[INFORMATION SHOWN]:
*-*-*
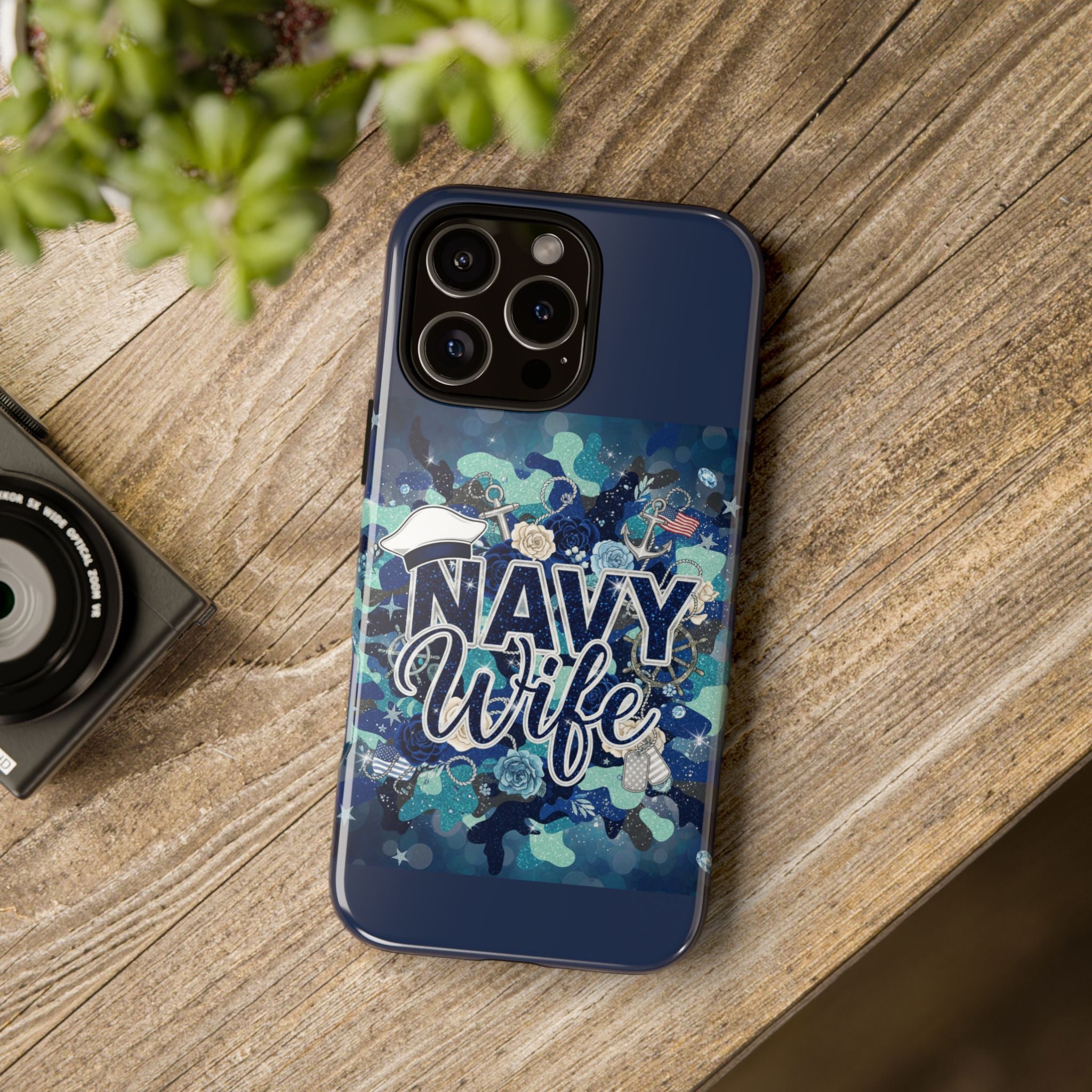 Navy Wife Tough Phone Case — Camouflage Military Tribute Protective Cover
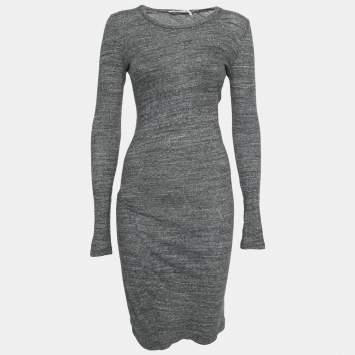 Pre Owned Isabel Marant Etoile Grey Knit Round Neck Long Sleeve Dress M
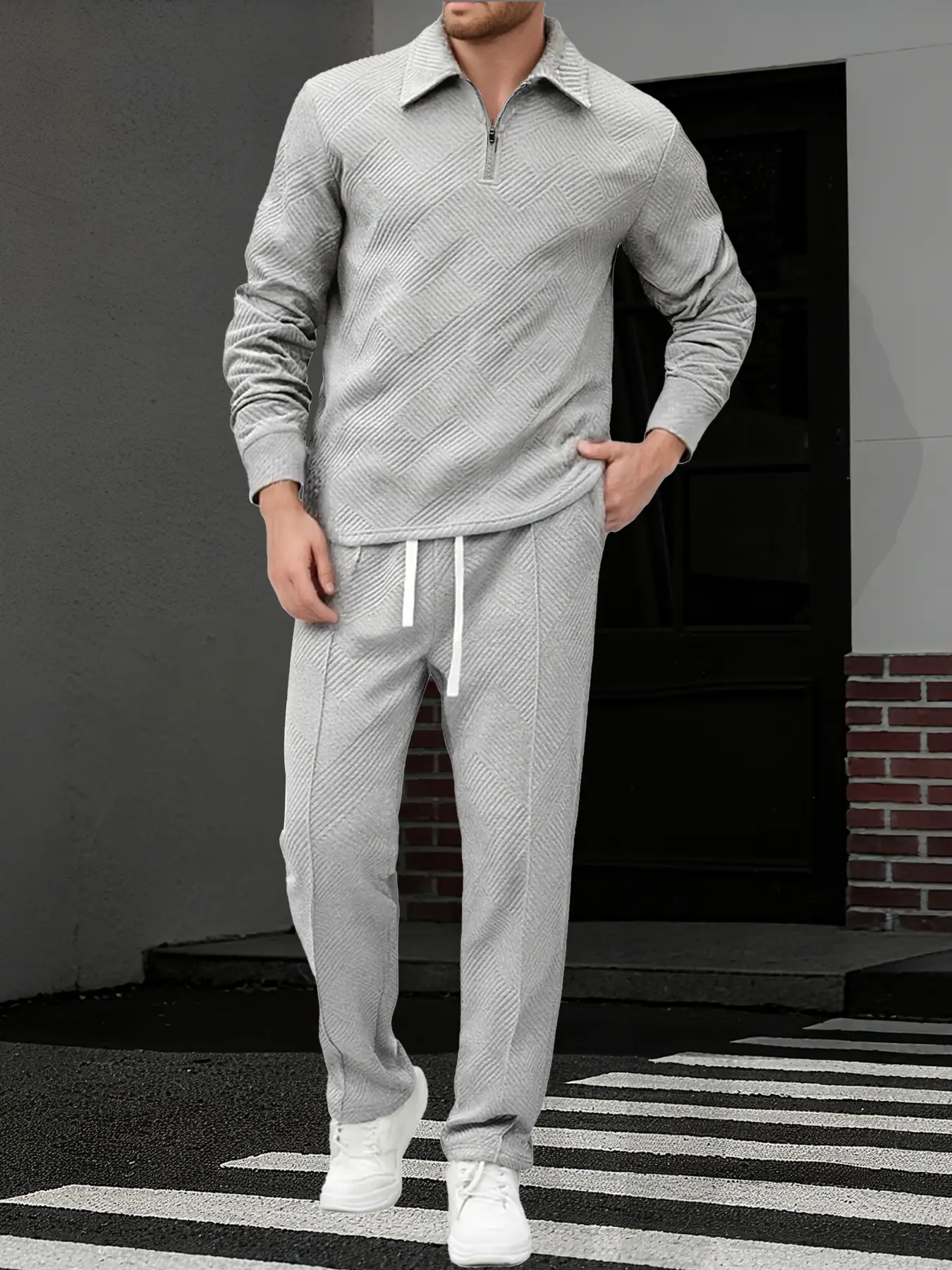 Men's Casual Textured Tracksuit Set - Half-Zip Collared Top and Drawstring Pants, Comfortable Loungewear/Sportswear for Daily Wear, Textured Sweatsuit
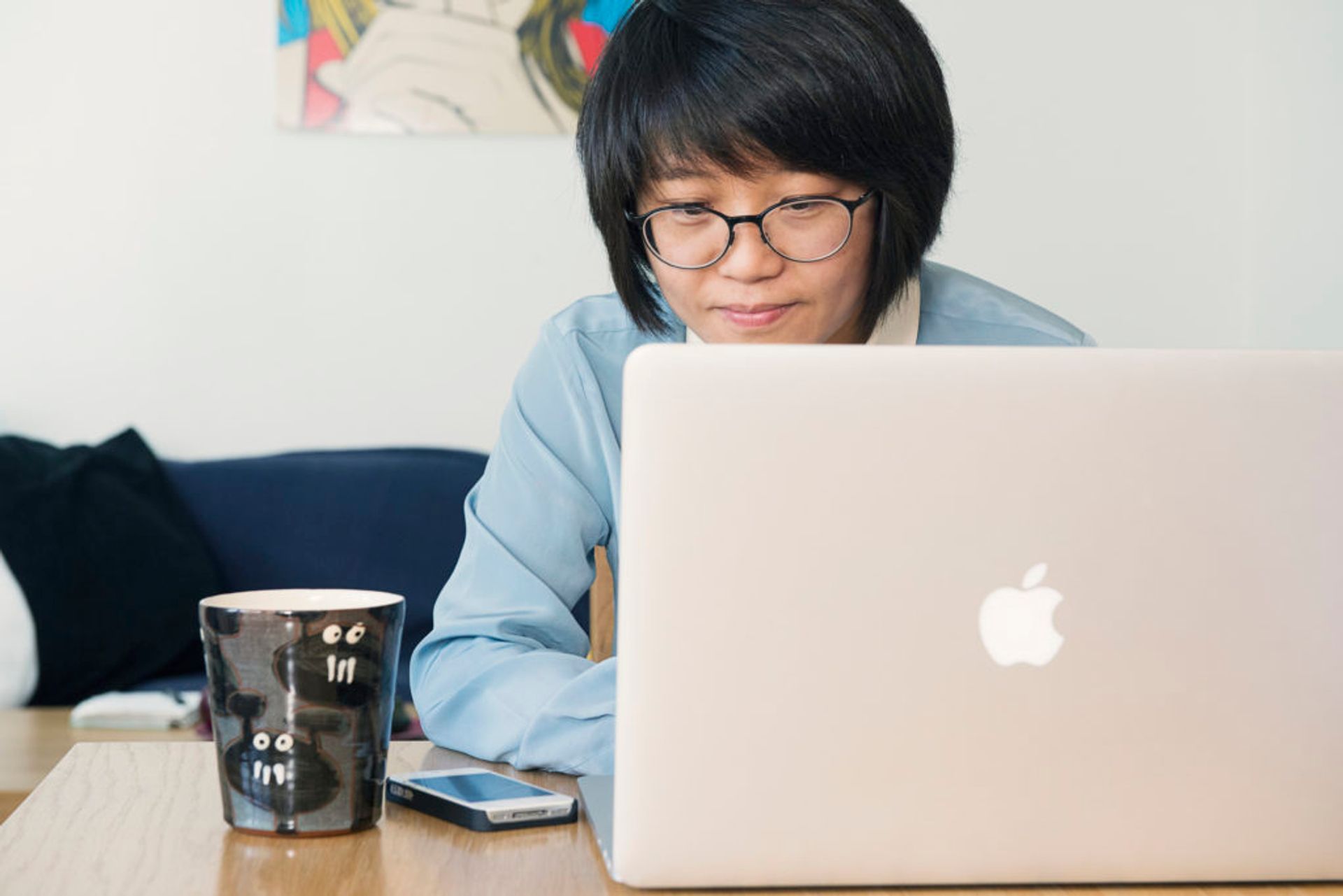 Student working on a laptop.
*-*-*
[EXERCISE DETAILS]: Give an exact copy of the data, and omit any pictures it holds.

[RESPONSE BELOW]:
 Navy Wife Tough Phone Case — Camouflage Military Tribute Protective Cover
 Pre Owned Isabel Marant Etoile Grey Knit Round Neck Long Sleeve Dress M
 Men's Casual Textured Tracksuit Set - Half-Zip Collared Top and Drawstring Pants, Comfortable Loungewear/Sportswear for Daily Wear, Textured Sweatsuit
 Student working on a laptop.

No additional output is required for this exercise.